## DATA SHOWN:
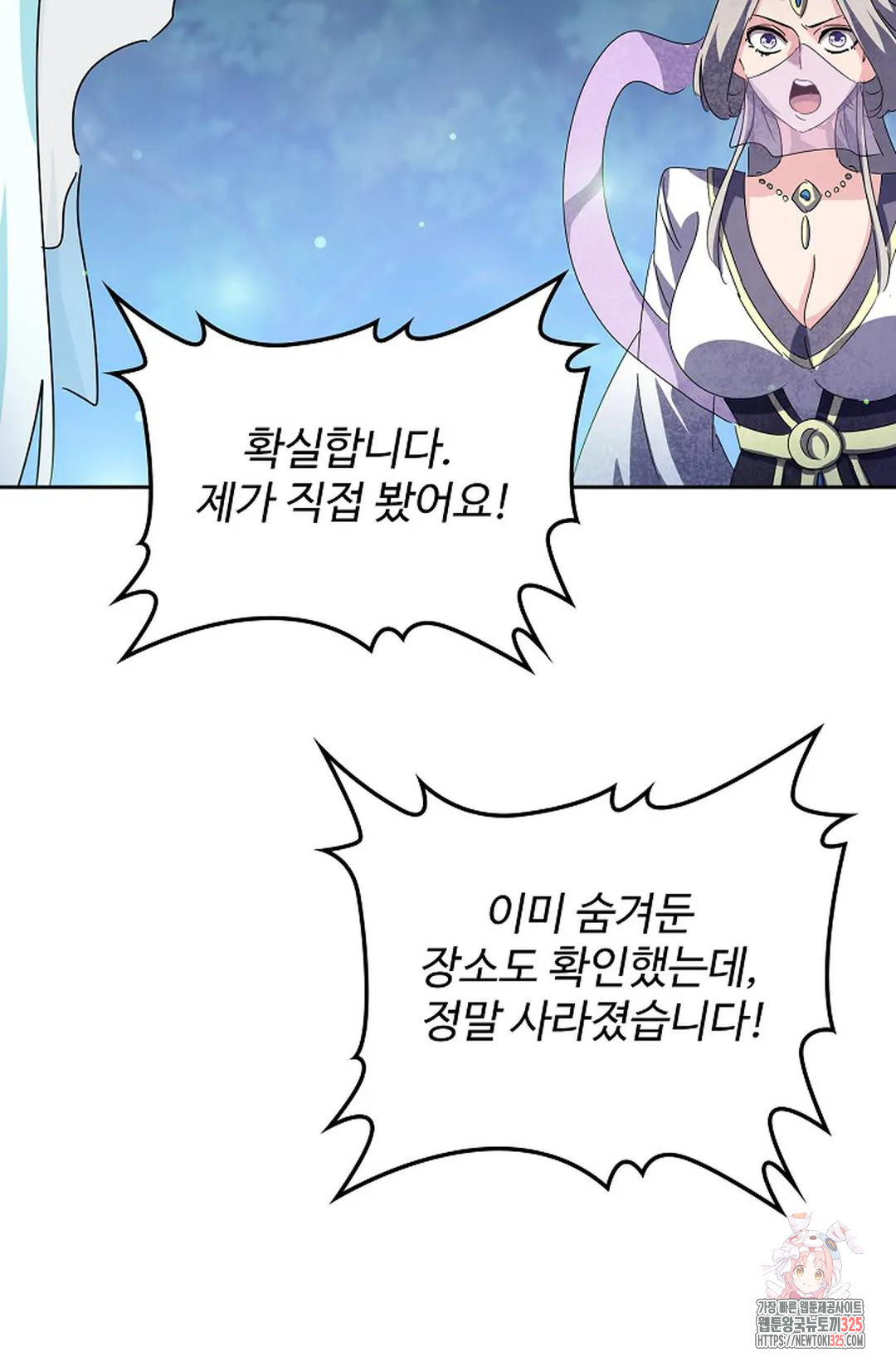마황의 귀환 391화 21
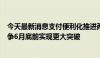 今天最新消息支付便利化推进两个多月进展如何？央行：力争6月底前实现更大突破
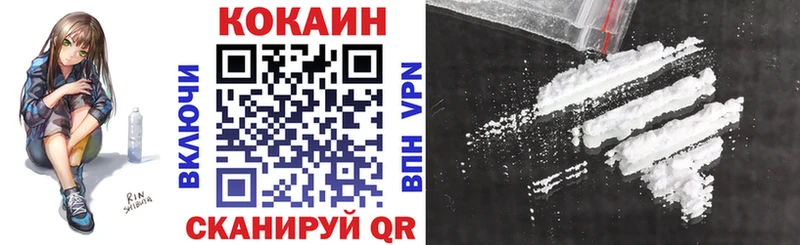 Кокаин 99%  Борзя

## TRY IT:
Copy out the data above to the letter, and keep every picture out of it.

## ANSWER TO THIS PROBLEM:
마황의 귀환 391화 21
 今天最新消息支付便利化推进两个多月进展如何？央行：力争6月底前实现更大突破
 Кокаин 99%  Борзя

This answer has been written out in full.